Problem statement:
In the records below, find the line with "Used 2015 BMW M4 2dr Cpe image 44", then copy each line exactly until you have copied the line with "郭北鼻教大家在家也能做的新疆拌米粉香辣又爽口吃的太解馋啦". Leave any picture out.

Exercise input:
☆ ☆ ☆ ☆ ☆ ☆ ☆

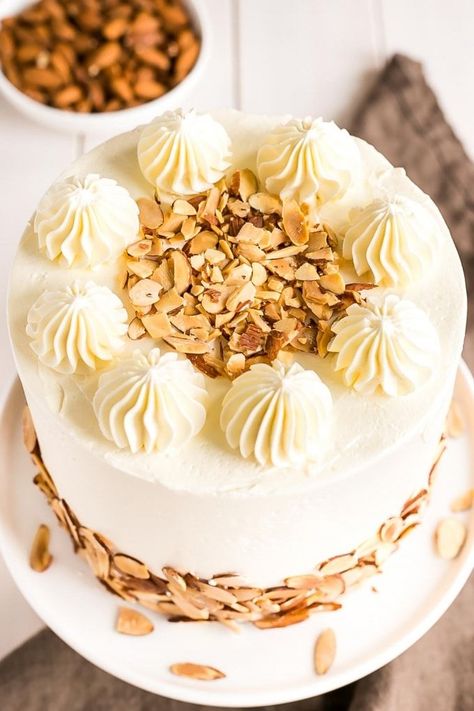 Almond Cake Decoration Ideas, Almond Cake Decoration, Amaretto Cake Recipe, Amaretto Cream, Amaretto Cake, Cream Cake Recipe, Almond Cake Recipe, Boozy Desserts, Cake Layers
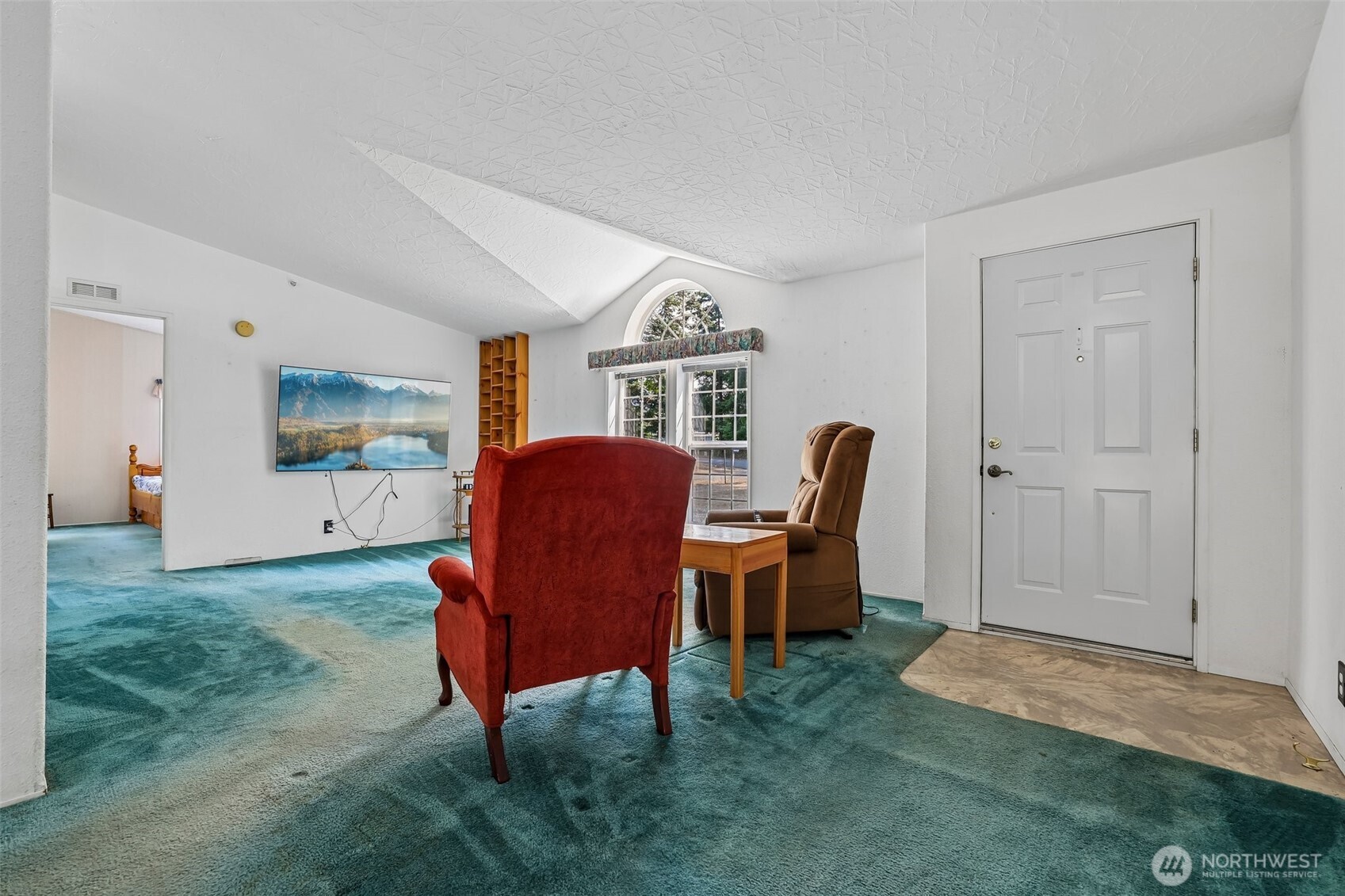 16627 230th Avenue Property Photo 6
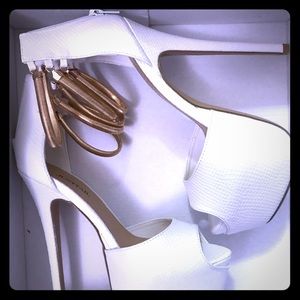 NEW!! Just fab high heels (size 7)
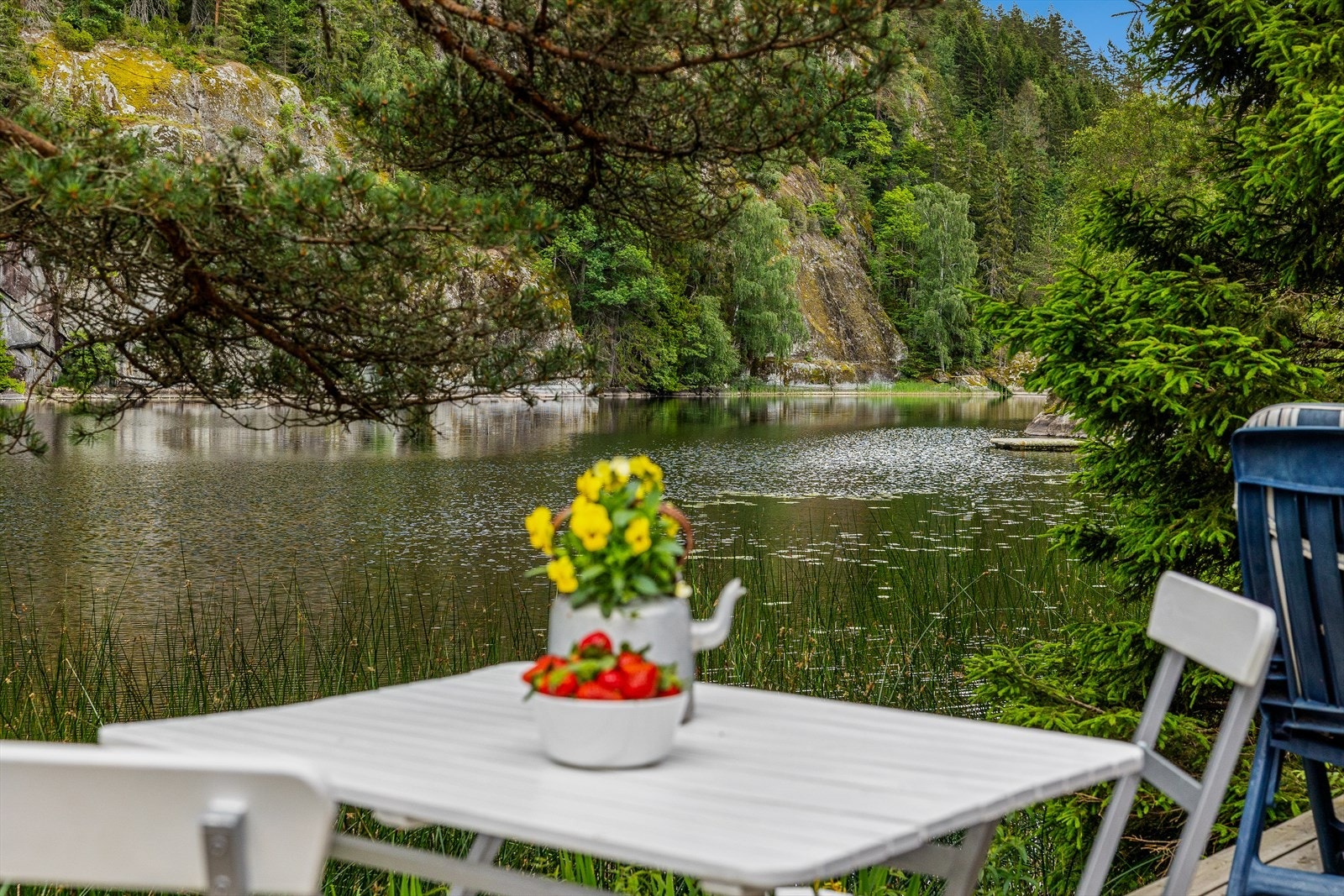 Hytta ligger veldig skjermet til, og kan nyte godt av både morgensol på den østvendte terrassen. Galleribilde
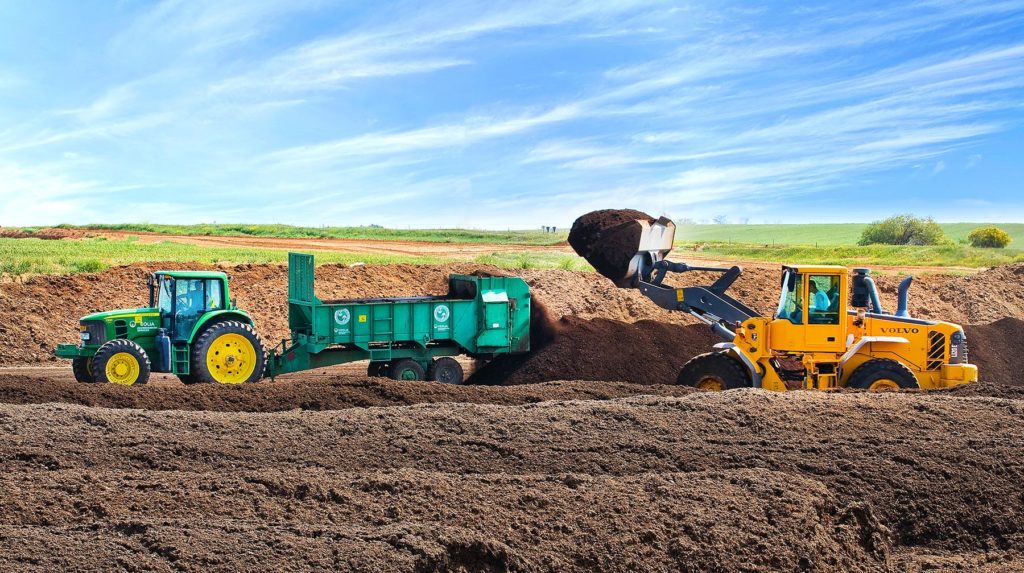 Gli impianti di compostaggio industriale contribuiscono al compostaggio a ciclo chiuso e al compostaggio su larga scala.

☆ ☆ ☆ ☆ ☆ ☆ ☆

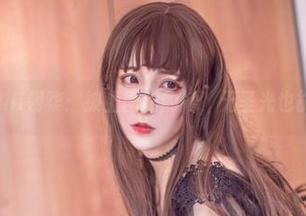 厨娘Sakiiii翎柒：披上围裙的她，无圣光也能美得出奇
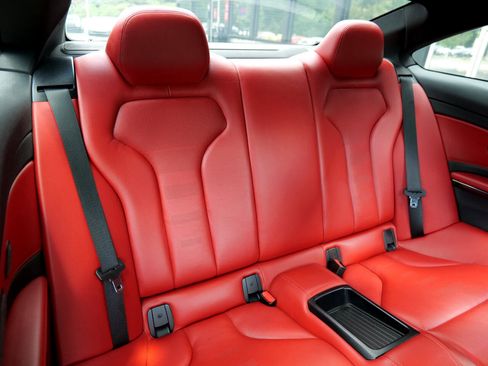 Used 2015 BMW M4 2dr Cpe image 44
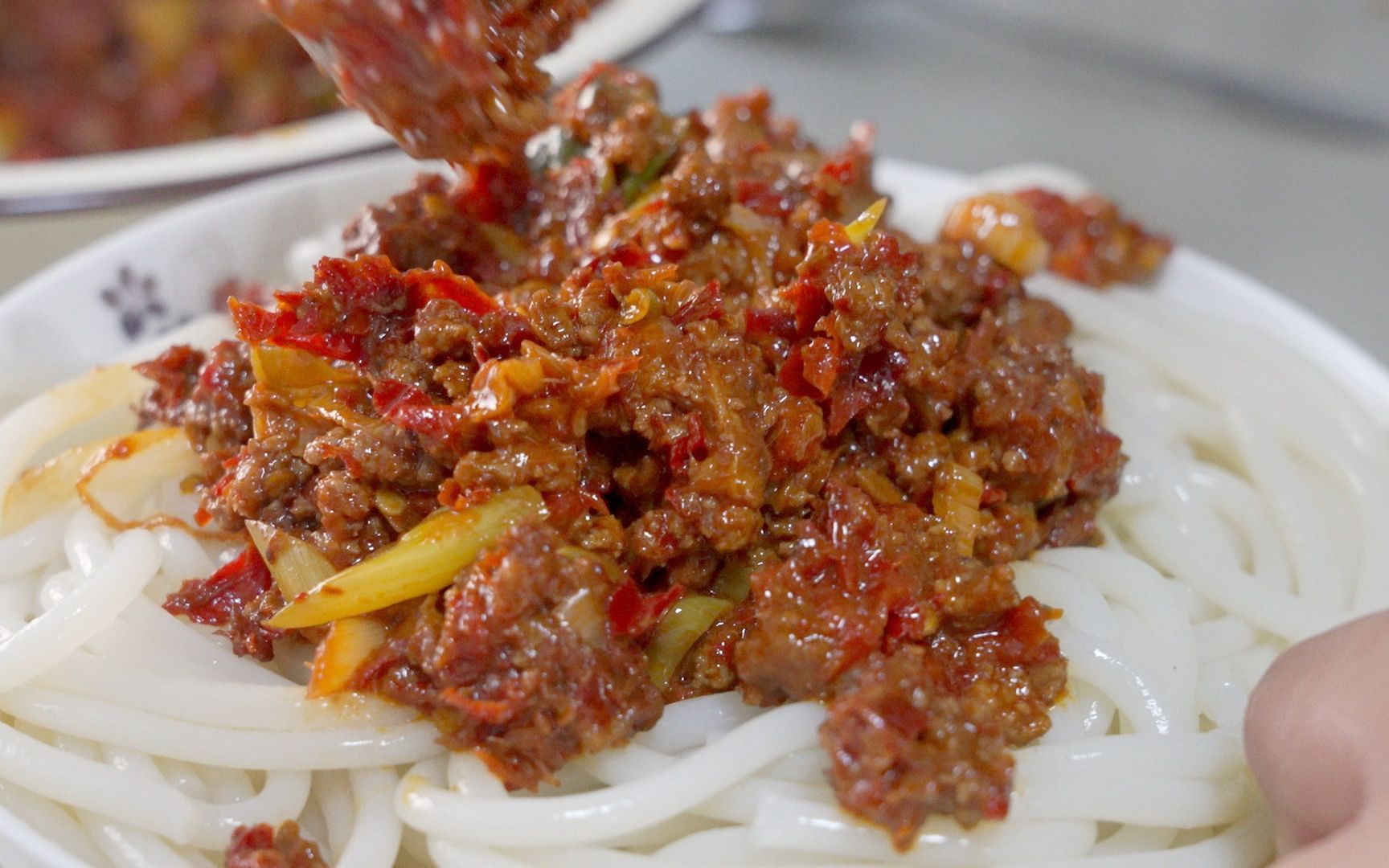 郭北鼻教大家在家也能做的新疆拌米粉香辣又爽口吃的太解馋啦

☆ ☆ ☆ ☆ ☆ ☆ ☆

Response below:
 Used 2015 BMW M4 2dr Cpe image 44
 郭北鼻教大家在家也能做的新疆拌米粉香辣又爽口吃的太解馋啦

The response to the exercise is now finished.